Over the coming months, I’ll describe these modes and give appropriate examples (probably one per week). But to begin with, let’s just get an idea of how many different modes there are:
- Monocable Detachable Gondola (MDG)
- Bicable Detachable Gondola (BDG)
- Funitel
- Pulsed Gondola
- 3S
- Funicular
- Traditional Funicular
- Cincinnati Funicular
- Hybrid Funicular
- Aerial Tram
- Funifor
- Cable Car
- MiniMetro
- Cable Liner
- Cable LIner Shuttle
There are other modes, too, but these are the major ones. Like I said; it’s just not as easy as “a bus is a bus.”
12 Comments
This may be kind of a dumb question, but wouldn’t the system be far more flexible if the cars were ‘moving’ instead of the cable? Every major turn currently requires a fairly large amount of infrastructure, correct? However, if the car was the only thing moving, wouldn’t these turns require simply a bend in the cable?
Andrew,
The only dumb questions are the ones nobody asks . . . You are correct about requiring infrastructure to turn.
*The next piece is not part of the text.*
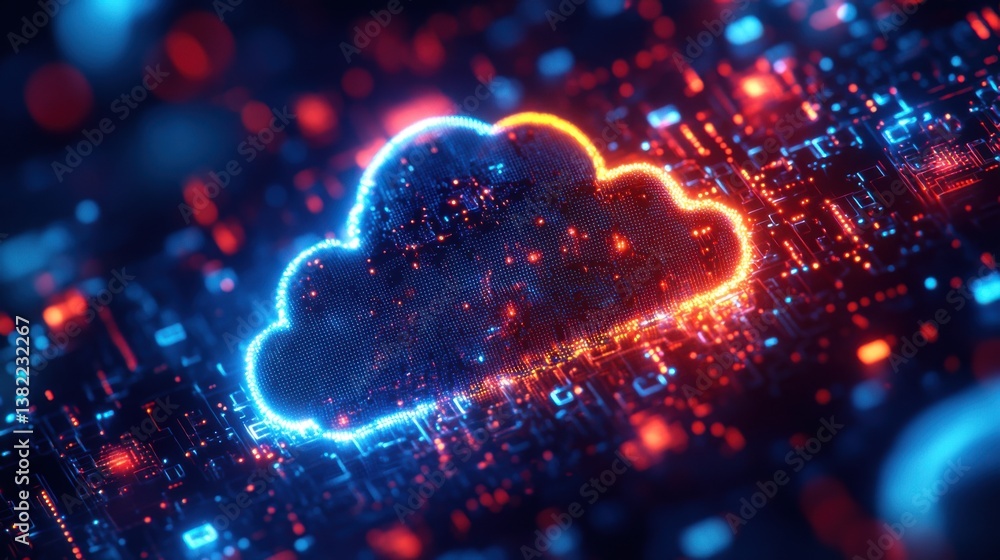 Poster a vibrant digital representation of a cloud symbol, surrounded by glowing circuitry, illustrating cl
You could actually have on board engines in vehicles so that they were moving and not the cable. Systems such as these were actually developed in the mid 20th century, but none of them ever really took off.
Basically it’s a question of trade-offs: If you had on-board engines in the vehicles, yes turning stations would be smaller. But vehicles would be heavier which would mean towers would be larger and more expensive. Vehicles would also be more expensive and Operations and Maintenance costs would go through the roof.
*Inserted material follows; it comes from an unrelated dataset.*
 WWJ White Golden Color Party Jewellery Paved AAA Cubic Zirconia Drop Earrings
The current thinking is to make sure turning stations are integrated with actual stations for boarders and alighters. In this way, the cost of turning becomes marginal.
That’s not to say that self-propelled cars wouldn’t work. It’s to say that based on current thinking (which could always change) systems such as currently exist provide many operational and economic efficiencies.
Thanks for the post Steven. My line of thinking with this was that if gondolas were to be run in-median, that a lot of roadways are not exactly straight. Heck, most hydro ROWs are not even perfectly straight lines. If the alignment chosen for the gondola is not very straight, the cost of building the infrastructure for the turning locations may make it far less economical than if it was a straight line.
Andrew,
You are right about that. But the question is: how extreme is the angle? Most gondola systems can withstand on-tower turns of roughly 2 degrees. As long as the turn was a gradual one, then it doesn’t need to be in a perfectly straight alignment. Sharp turns would, however, require a turning station ideally integrated with a standard station.
Steven,
I have read some of your research project and got to tell you, everything is great, but I would like yo know if you have post some aerial technologies history though, because I have been searching and I dont find anything…Anyway Thanks for your help and once again congratulations.
Andrew,
I can definitely do a history post (or a few) sometime in the future. The history is actually quite interesting and dates back to the BC era. Thanks for your interest and support!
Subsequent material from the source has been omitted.